Friday, May 26, 2017

How to cook once and eat 4 times from one cooking session.

I HATE COOKING EVERY DAY! Wait what? Really? Yes really, I would much rather be in my art studio dreaming up my next watercolor project. And who has time for cooking a meal every single day… I get burned out on it! SOOO I don’t. I Cheat. And no one knows about it… sometimes my kids are so hungry and they say so are you going to feed us sometime tonight…. (laser eyes from their mother beams at them) at which point I say if your that hungry make some mac and cheese, but we are having some chicken and _________ to go with our chicken, and supper will be ready in about 30 mins.

MY Friends, it’s all about the prep work… I feel like I have this down to a complete science. (but I am sure someone has found an easier way to prep) if so send that info my way.  

Grocery shopping Tuesday morning at Hy-Vee can feel like a magical place. They usually have meat markdowns up to 70% off, that’s when I feel like a scavenger for the best deals on chicken. No joke, I have gotten a 5lb bag of marinated boneless chicken for $5 all I have to do is sous vide these chicken breasts and add a side to my chicken and dinner is done. It’s that simple. Although those opportunities don’t happen all the time here is what I really do:

When whole chickens are a sale, (about every other month I buy about 4-6 chickens. I know that will get us through the next sale. (this way I am never buying chicken at the full price)

Since I don’t want to waste valuable freezer space with a whole chicken I plan that day or the day after to roast the 4-6 chicken, usually a morning or afternoon… but that’s ok, it’s saving me money and time later.  I usually add some spices, I like to do a rub with Italian seasoning on the inside of the skin to penetrate to the meat.  When I take out the chicken and let it cool I discard the skin, which means all the spices would go with it, and I don’t want that.

Note that since I have gotten a Sous Vide, I use that too for an alternative for roasting.

After I am done roasting the chicken I save the last chicken for supper that night, after all I have been roasting all afternoon the house smells like I am a fabulous cook, and everyone especially my dog wants some chicken.
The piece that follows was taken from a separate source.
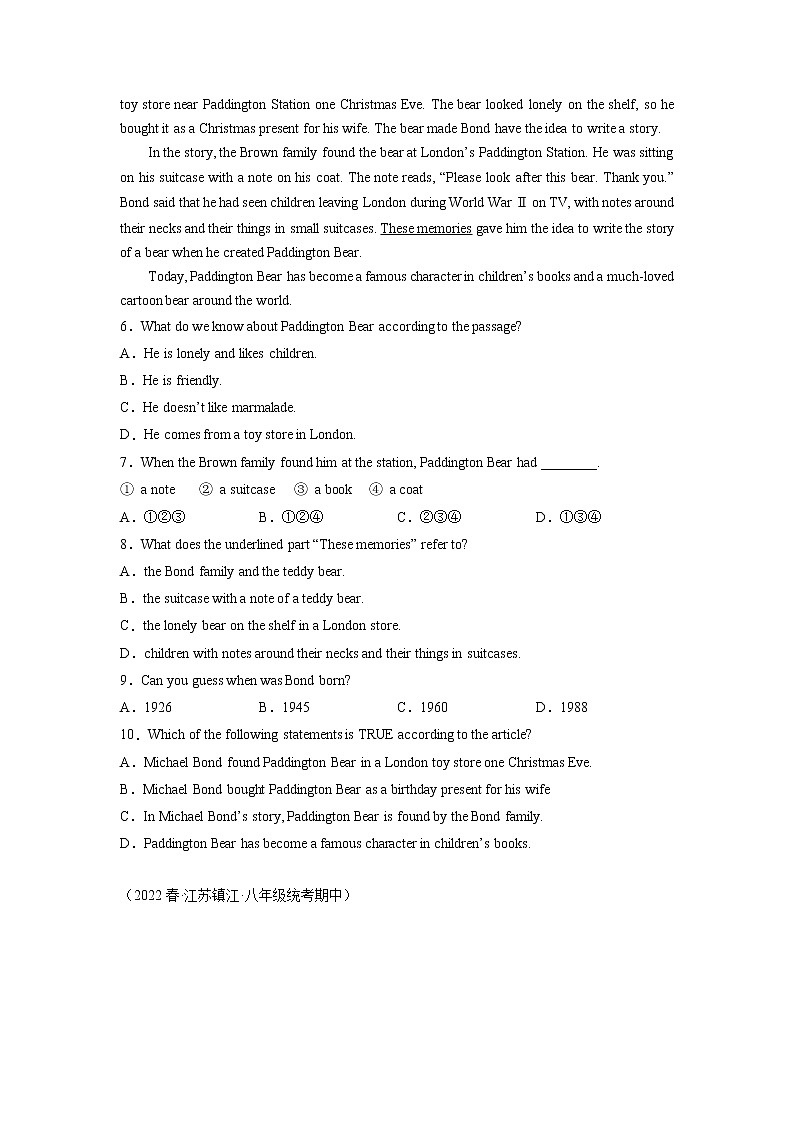 专题09阅读理解精练精析20篇（期中真题名校模拟）-2022-2023学年八年级英语下学期期中复习查缺补漏冲刺满分（牛津译林版）第2页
I shred the chicken. I use it for bbq chicken, or for bbq chicken pizza, stews, soups, chicken pot pie, a creamy tortellini casserole, or I use it for salads. After all the chicken is shredded I place about 2-3 cups of shredded chicken into a bag and have about 4 -6 bags of shredded chicken ready to go… and that is one way I save time in the kitchen.

If you are like me and are like there is no way you are getting me to debone a chicken, DONT I have yet to see it worth my time… or if I do debone a chicken it’s after the cooking process, because I really don’t like handling the raw meat aspect of any cooking.

I BUY BONELESS CHICKEN BREASTS when I am on the hunt for Chicken. I will buy sometimes 20lbs of this good stuff. The time savings is in the prep work of freezing. I like to season with a rub and then freeze the chicken breasts, if you have a Sous Vide then it’s all ready to go if not, thawing it and then roasting or grilling it is a snap.  Usually, an extra hour is worth getting 5 meals ready to go is worth it. DO not put a marinade or salad dressing in the bag before you freeze it, it doesn’t taste good and it’s not great for the meat. Stick with just seasoning. That way when you are ready to grill or roast all you do is get it thawed onto a pan and into the heat! Super simple stuff!

I like preparing my chicken this way because I don’t have to think about what is for supper, if I already know what is ready to go in my freezer, I just need some forethought as to what I want to make for supper that morning so I can get it out of my freezer.

Utilize your kitchen for the best Chicken

If you have a convect oven please use the convect roast option while roasting your chicken, you will be glad you did, it does an amazing job with making the outside chicken crispy and the inside of the chicken tender and moist, it’s my new best friend when it comes to roasting a chicken.

Sous vide and chicken were a match made in heaven! Seriously it’s changed the way I view cooking chicken. I love sous vide chicken for a roasted preparation but without the crunchy skin which can be done by searing the chicken, but who has time for that when sous vide is enough to make your pallet happy with the moist tenderness it brings to the table?